Waller
  October 4, 2011 - Tennessee

Banking & Financial Services Update - Vol. 10, Fall 2011

Because of a recent decision by the Tennessee Court of Appeals, a bank may not rely as heavily on a Power of Attorney (“POA”) as much as it may have relied previously for immunity to claims brought against the bank by the Grantor of the POA. A bank may now be held liable for transactions made by the Agent, even when the POA grants broad and virtually unrestricted authority to the Agent.

Until recently, there appeared to be a conflict in the Tennessee Code. On the one hand, state law provides what appears to be unfettered immunity to banks for transactions involving a POA:  Banks “may recognize the authority of a power of attorney authorizing in writing an attorney-in-fact to operate . . . the account of a depositor . . . until the bank receives written notice of the revocation of the authority.”  Further, “[n]o bank shall be liable for damages” for making payments in accordance with the terms of a POA. See TCA § 45-2-707.

On the other hand, state law also provides a list of “red flag circumstances” under which a bank handling a transaction will be “on notice” of breach of fiduciary duty and therefore, subject to claims such as conversion brought against the bank by the person represented by the fiduciary. See TCA §§ 47-3-307(b) and -420. These “red flag circumstances” arise when a bank takes an instrument such as a check made payable to a depositor: (i) in payment for a debt that the bank knows is the Agent’s personal debt, (ii) in a transaction that the bank knows is for the Agent’s personal benefit, and (iii) as a deposit by the Agent into an account that does not belong to the depositor.

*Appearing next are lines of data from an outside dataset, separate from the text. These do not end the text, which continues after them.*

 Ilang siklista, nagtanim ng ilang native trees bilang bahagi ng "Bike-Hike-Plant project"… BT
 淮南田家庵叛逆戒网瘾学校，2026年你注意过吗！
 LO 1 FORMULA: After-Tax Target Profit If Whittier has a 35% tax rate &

Reading the laws together, until recently it was not clear whether a bank transacting business pursuant to a POA would be immune to misappropriation claims when the bank had notice of any of the “red flag circumstances” set out in TCA § 47-3-307(b). The facts of the case of Clara Jean West ex rel. Harvey v. Regions Bank, No. W2010-02023-COA-R3-CV, 2011 WL 3059693 (Tenn. Ct. App. July 26, 2011), forced an examination of this issue.

In the Clara Jean West case, a man granted his Nephew a very broad POA, authorizing the Nephew to:

deposit and withdraw funds from any bank account or other account which [Uncle] now [has] or [has] in the future in any bank or other depository, and to sign [Uncle’s] name as a drawer of checks and drafts thereon, and to endorse checks, drafts or other instruments belonging to [Uncle] or in which [Uncle has] any right, title or interest for any purpose whatever, whether for deposit or for any other purpose.

The POA further allowed the Nephew to sell any stocks owned by his Uncle and to handle matters related to life insurance. The POA was durable and would not be adversely affected by any later disability or incapacity of the Uncle. The Nephew’s power was virtually unrestricted.

Shortly after the Uncle executed the POA, the Nephew set about transferring the Uncle’s assets at the bank to his own accounts at the same bank. When the Uncle died leaving no will, his Widow was his only heir at law. The Widow was disabled and her affairs were being managed by a conservator. The conservator filed suit against the Nephew for breach of fiduciary duty and conversion, among other things, and also sued the bank for negligence and for aiding and abetting the Nephew’s misappropriation and conversion.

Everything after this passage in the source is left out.